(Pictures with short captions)
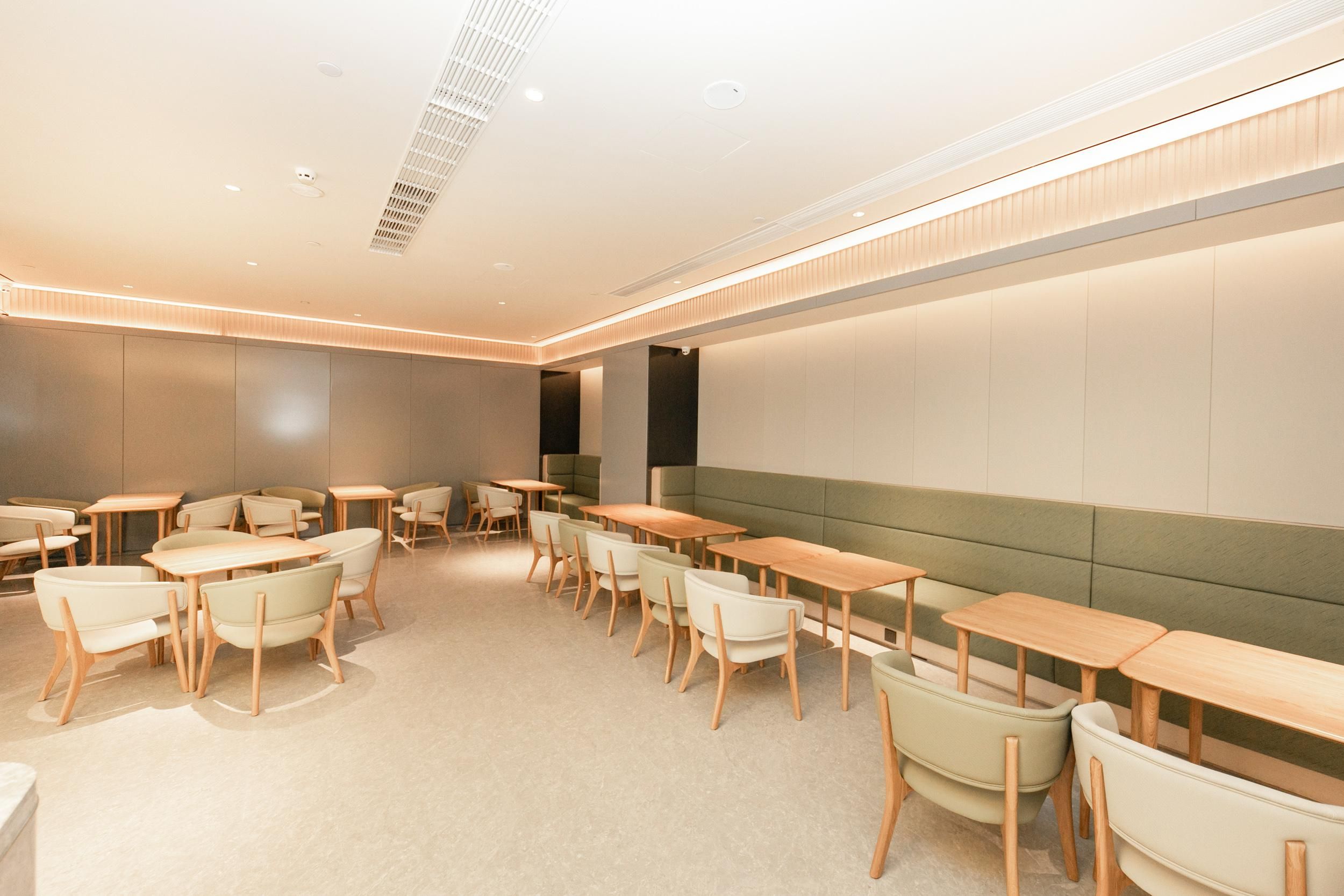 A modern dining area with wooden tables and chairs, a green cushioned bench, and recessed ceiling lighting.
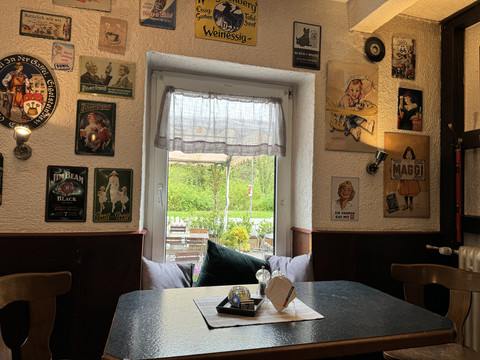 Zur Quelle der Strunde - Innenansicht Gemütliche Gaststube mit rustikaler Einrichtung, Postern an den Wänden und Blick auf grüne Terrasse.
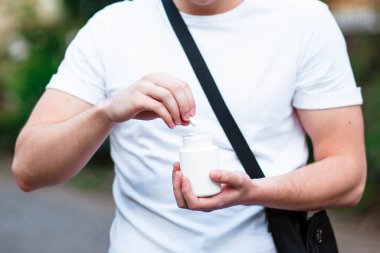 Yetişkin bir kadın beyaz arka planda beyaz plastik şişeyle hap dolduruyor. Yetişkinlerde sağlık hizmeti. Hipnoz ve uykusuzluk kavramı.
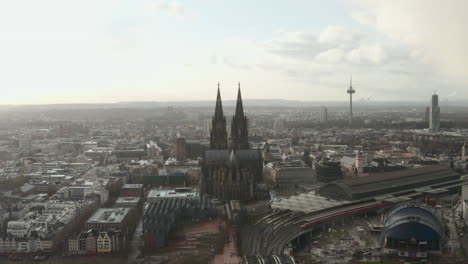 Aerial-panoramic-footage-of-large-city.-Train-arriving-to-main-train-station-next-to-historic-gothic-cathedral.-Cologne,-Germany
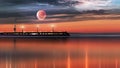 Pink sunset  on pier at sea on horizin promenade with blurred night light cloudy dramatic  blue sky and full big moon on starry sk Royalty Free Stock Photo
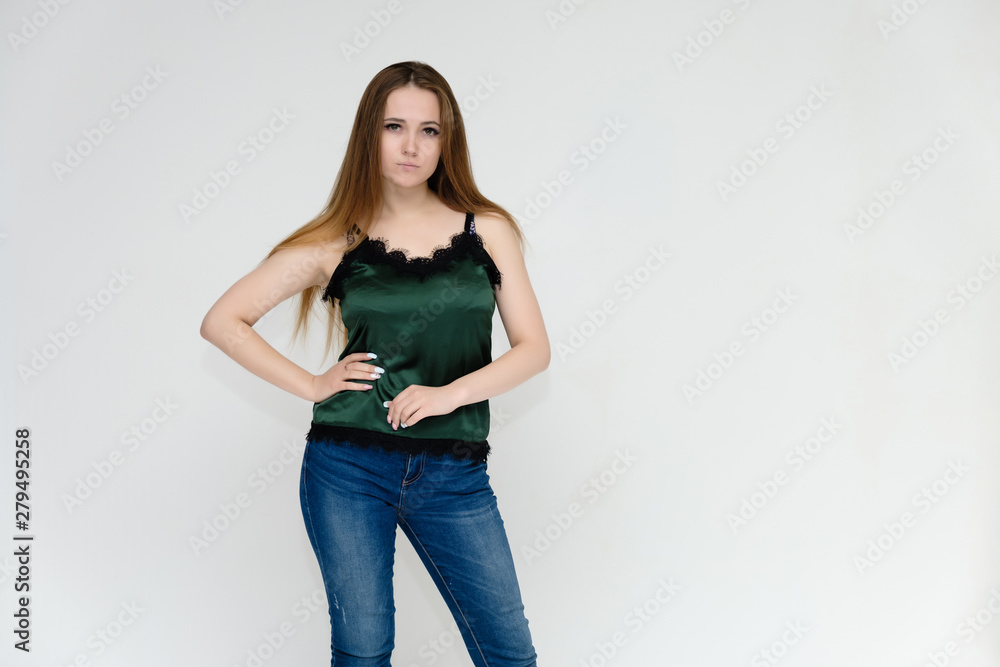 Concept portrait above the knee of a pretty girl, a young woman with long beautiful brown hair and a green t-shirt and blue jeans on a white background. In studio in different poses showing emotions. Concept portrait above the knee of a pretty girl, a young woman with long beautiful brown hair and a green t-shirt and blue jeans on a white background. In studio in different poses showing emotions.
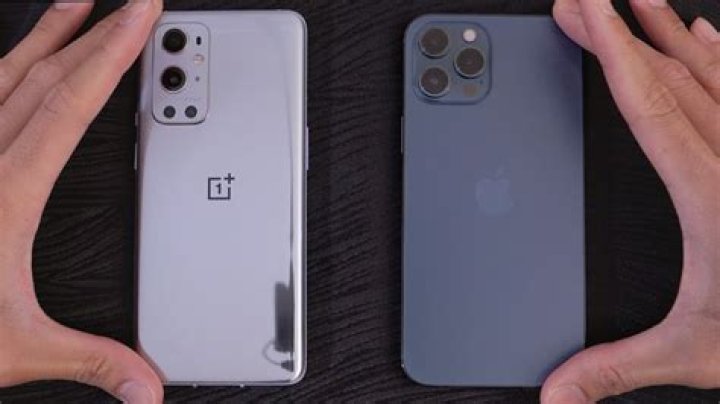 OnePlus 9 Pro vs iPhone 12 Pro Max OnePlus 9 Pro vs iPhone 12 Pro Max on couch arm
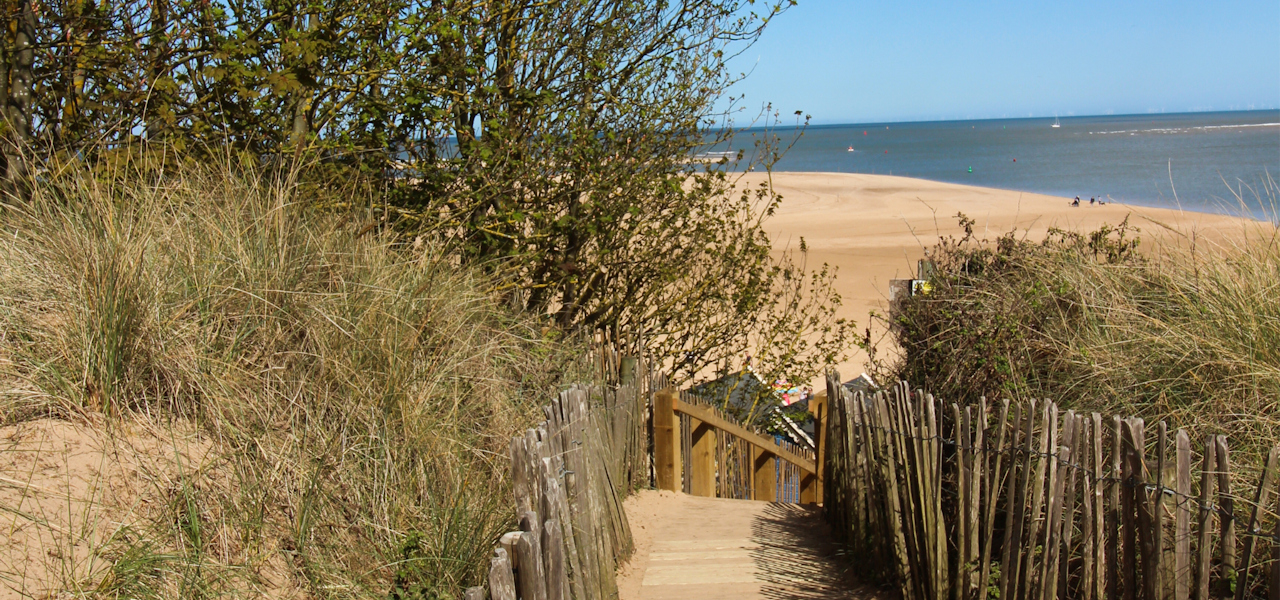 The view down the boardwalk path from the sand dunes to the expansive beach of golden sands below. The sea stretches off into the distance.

▶ [PROBLEM]: Copy the data word for word and omit every picture.

▶ [RESULT BELOW]:
 A modern dining area with wooden tables and chairs, a green cushioned bench, and recessed ceiling lighting.
 Zur Quelle der Strunde - Innenansicht Gemütliche Gaststube mit rustikaler Einrichtung, Postern an den Wänden und Blick auf grüne Terrasse.
 Yetişkin bir kadın beyaz arka planda beyaz plastik şişeyle hap dolduruyor. Yetişkinlerde sağlık hizmeti. Hipnoz ve uykusuzluk kavramı.
 Aerial-panoramic-footage-of-large-city.-Train-arriving-to-main-train-station-next-to-historic-gothic-cathedral.-Cologne,-Germany
 Pink sunset  on pier at sea on horizin promenade with blurred night light cloudy dramatic  blue sky and full big moon on starry sk Royalty Free Stock Photo
 Concept portrait above the knee of a pretty girl, a young woman with long beautiful brown hair and a green t-shirt and blue jeans on a white background. In studio in different poses showing emotions. Concept portrait above the knee of a pretty girl, a young woman with long beautiful brown hair and a green t-shirt and blue jeans on a white background. In studio in different poses showing emotions.
 OnePlus 9 Pro vs iPhone 12 Pro Max OnePlus 9 Pro vs iPhone 12 Pro Max on couch arm
 The view down the boardwalk path from the sand dunes to the expansive beach of golden sands below. The sea stretches off into the distance.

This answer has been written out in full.